El año se medía por las mañanas de Reyes en aquella casa en los que siempre era el último de la cola. Y a cada año, la cola se hacía más y más larga: el pasillo se había quedado pequeño y en los últimos años, mi lugar de espera estaba ya en la última habitación del fondo.
Recuerdo escudriñar a través de aquellos cristales amarillo botella de la puerta de doble hoja del salón para saber si los Reyes habían venido o no. Siempre venían.
El contraste, con los años, era más que evidente: cuando era pequeño las puertas se abrían y nosotros (cinco, seis o siete en aquel entonces) nos quedábamos fascinados con el despliegue de regalos y papel brillante que se desperdigaba por toda la casa. En cambio, en los últimos años en los que ya coqueteábamos con la treintena de niños (y ya no tan niños), cuando conseguía llegar al salón este era un hervidero de soñadores emocionados, papeles rotos en pedazos y paquetes abiertos. Lo maravilloso entonces era verlos y reconocerme en ellos.

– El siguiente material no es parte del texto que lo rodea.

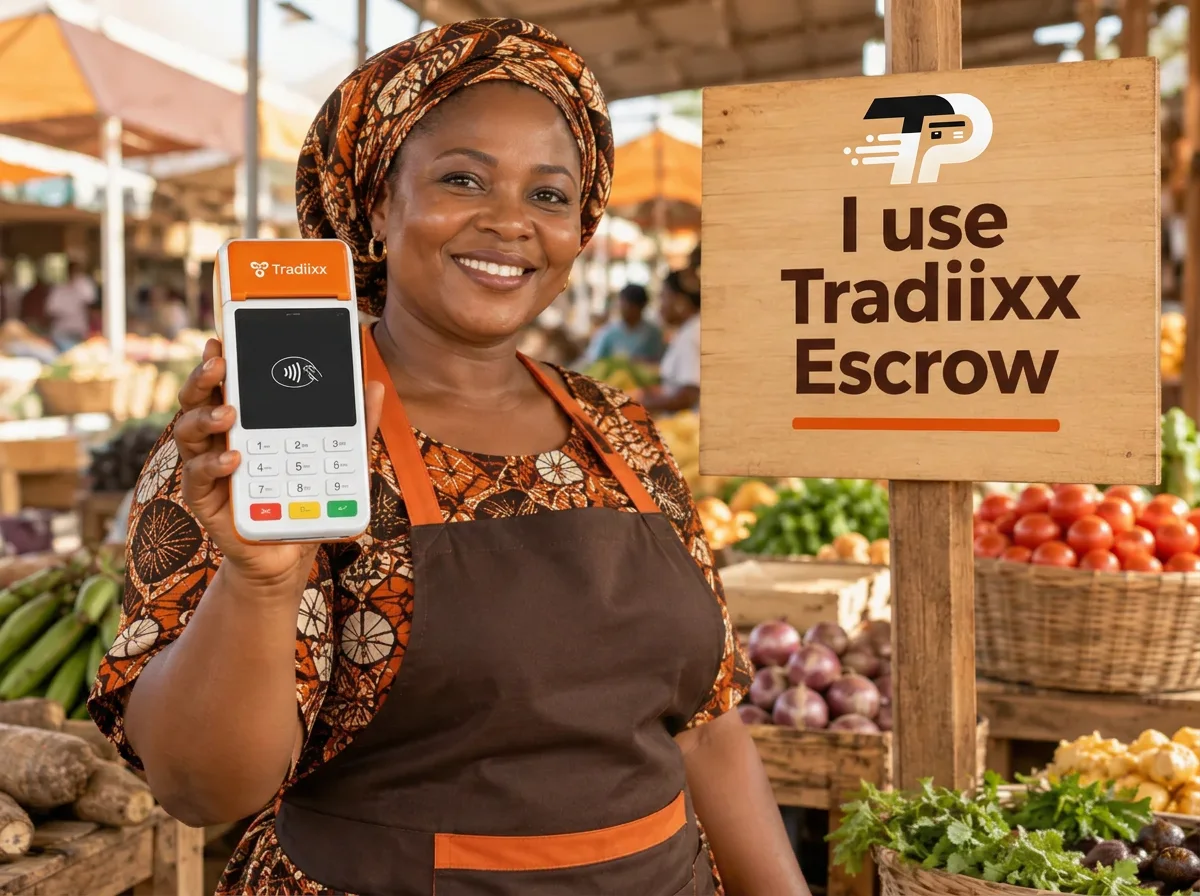 Traders and shoppers in a busy Nigerian market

Hablo del día de Reyes porque era para mi como el mejor día del año, mi forma de medir el tiempo: el día se acababa después de subir al octavo piso para un "más difícil todavía" (¿por qué los Reyes se empeñarían en dejar regalos en casas distintas?). Cuando el día terminaba, yo bajaba las escaleras y siempre, invariablemente, pensaba: "queda un año para el siguiente".
Pero como aquella casa era de visita semanal y cada comida dominical tenía su historia, cada poco hacía cuentas al bajar las escaleras y me percataba de que el siguiente día de Reyes se acercaba: seis meses; cuatro meses; dos. Uno. Como ahora.

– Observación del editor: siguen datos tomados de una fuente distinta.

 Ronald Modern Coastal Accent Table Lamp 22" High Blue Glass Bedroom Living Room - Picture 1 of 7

Pero aquella casa feliz es ya un recuerdo y sus puertas no se abrirán más para nosotros. Hace ya muchos años que se marchó el abuelito, hace cada vez más que se marchó la abuelita. Y los años que pudimos robarle al reloj acordándonos de ellos en su casa fueron ese tiempo de descuento que ninguno queríamos que terminase.
Qué será ahora del estudio del abuelito, siempre suyo a pesar de su ausencia. Qué será de sus pinturas y dibujos de París, con libros viejos y aquella lupa de detective que era mi objeto favorito de la casa. Qué será de aquel sofá eléctrico que a todos nos fascinaba y en el que todos nos quisimos sentar para ver la película de después de comer. Qué será de aquel pasillo largo e inmutable. Qué será de aquél salón que nos ha visto crecer a todos.
Puede que quien comprase esa casa la haya convertido en algo irreconocible. Qué más da. Tenemos suerte porque vivimos todos aquellos años en los que nos fuimos convirtiendo en lo que somos. Todos tenemos suerte.
Y yo personalmente... sé que algún día trataré por todos los medios de que otros vivan en el mío la magia que yo sentí en aquel viejo y querido salón.